Командование не могло, конечно, мириться с этим. Не успели мы появиться в школе после отпуска, как издан был приказ: всех курсантов остричь наголо! Школьная парикмахерская живо разделалась с нашими чубами. Помню, как один курсант всеми правдами и неправдами пытался избежать ножниц и машинки парикмахера. Прическу сберечь ему не удалось, а пять нарядов вне очереди заработал!
Так постепенно после отпускного «шика» мы вновь превратились в скромных курсантов, одетых в синие хлопчатобумажные кителя. Потянулись месяцы упорных занятий теорией. Полёты были отложены до весны.
Казалось, всё вошло в свою обычную норму, как вдруг неожиданное событие взбудоражило школу.
Среди нас оказались два талантливых курсанта-художника.
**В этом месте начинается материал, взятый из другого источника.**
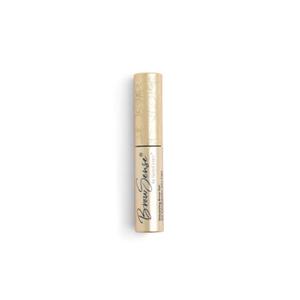 BrowSense Volumizing Brow Gel, 0.2 Oz, Long-Lasting, Clear Gel for Fuller, Defined Brows with Strong Hold, All-Day Wear, and Natural-Looking Finish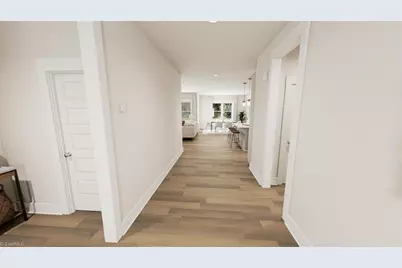 5539 Rock Valley Drive, Trinity, NC 27370 - Photo 2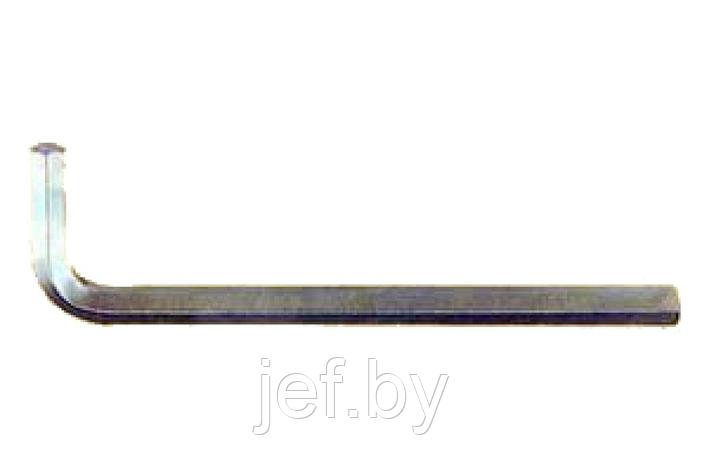 Шестигранныеник 24 мм. FORCE 76424, фото 2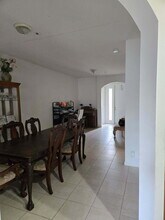 4360 Berkshire Wharf Dr in Lake Worth Beach, FL - Building Photo - Building Photo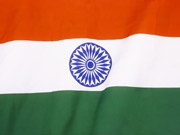 Індія протягом тижня введе електронні візи для іноземних туристів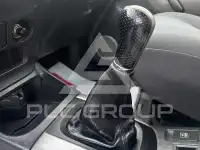 2004 Toyota RAV4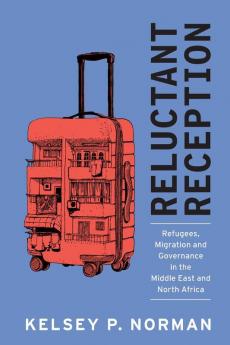 Reluctant Reception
Оба они хорошо учились, но ещё лучше рисовали. Яркие, всегда привлекательные номера стенгазеты, плакаты, портреты – всё это делали они. Комсомольская организация не давала этим курсантам других поручений, кроме рисования.
Дело закончилось, однако, большим конфузом для нас, покровителей молодых талантов. Случилось это в субботу, в день общественного смотра: наши активисты совместно с командованием школы обходили помещения, проверяя, чем по вечерам занимаются курсанты. В общежитии чувствовалось обычное оживление: получившие увольнение наводили стрелки на брюках, прихорашивались, спортсмены готовили к завтрашней вылазке лыжи, точили коньки; фотолюбители заряжали кассеты, печатали фотографии знакомых девушек, с которыми надеялись встретиться.
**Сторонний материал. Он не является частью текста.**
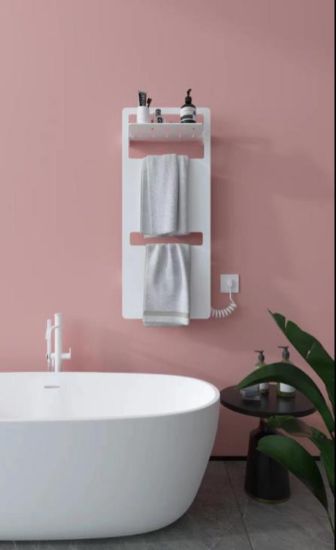 Picture of Towel rack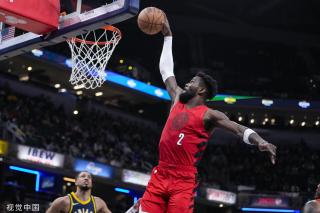 营助力球员 营助力球员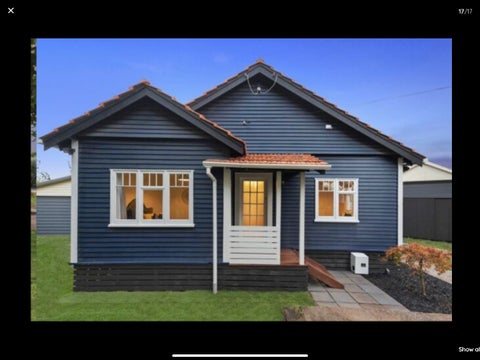 63 Makomako Street, Frankton, Hamilton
Мы подошли к комнате художников. Она оказалась запертой изнутри. Когда наконец после долгой паузы открылась дверь, художники стояли перед нами красные, растерянные, руки по швам.
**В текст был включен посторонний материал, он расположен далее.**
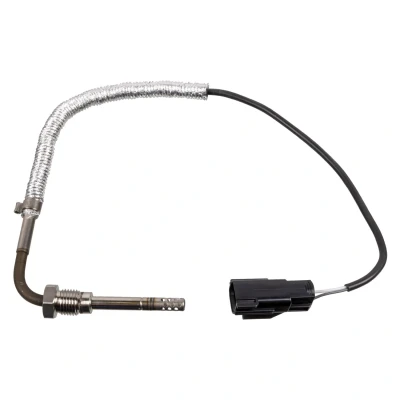 Afbeelding van FEBI BILSTEIN 175020 Sensoren VOLVO: V50, S40 II, XC60 I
– Чем занимаетесь? – будто ничего не замечая, спросил помкомэск.
– Готовимся в город! – не совсем уверенно ответил один из них.
– И основательно уже «подготовились»?
Опустив голову, художники молчали. Мы не сразу поняли, в чём тут дело, но помкомэск хорошо знал своих воспитанников. Проворно сунув руку за незаконченный, прислонённый к стене портрет, он вытащил оттуда одну за другой несколько недопитых бутылок. В комнате воцарилось неловкое молчание.
– На гауптвахту шагом марш!.. – гневно крикнул командир.
На внеочередном комсомольском собрании выступил командир отряда.
Обведя строгим взглядом притихшие ряды курсантов, он сказал:
– В лётчики готовитесь, не так ли? А ведь пьяницам нет места в авиации! Кому придет в голову доверять штурвал, человеческие жизни и дорогостоящую машину пилоту, у которого в голове муть и руки трясутся?
Курсанты молчали: увы, это относилось ко многим из нас.
– А эти с позволения сказать «художники», – продолжал командир, – вообразили себя репиными и айвазовскими и зазнались. Думают – теперь им море по колено!.. – Помолчав, командир заключил: – Командование будет ставить вопрос об отчислении обоих художников из нашей школы.
До исключения, правда, дело не дошло. Комсомольская организация обоих провинившихся взяла под свой контроль, мы приняли на себя коллективную ответственность за них. С этого дня оба курсанта учились не хуже других и были при выпуске аттестованы пилотами.
Нашему комсомольскому бюро пришлось в эту зиму заниматься ещё кое-какими грешками курсантов. Будущие асы на занятиях вели себя порой не лучше иных мальчишек-пятиклассников. Стоило им нащупать «слабину» у какого-нибудь преподавателя, как они тут же садились ему на голову: на занятиях шумели, подсказывали друг другу.
Комсомольское бюро объявило войну и этим ребяческим выходкам. Поставили вопрос о честности комсомольца: не всё ли равно, большой или малый обман? И обманываем-то кого? Прежде всего самих себя. Можно ли стать первоклассным пилотом, если не знаешь устройства машины или законов её действия?
Со шпаргалками и подсказываниями также удалось покончить.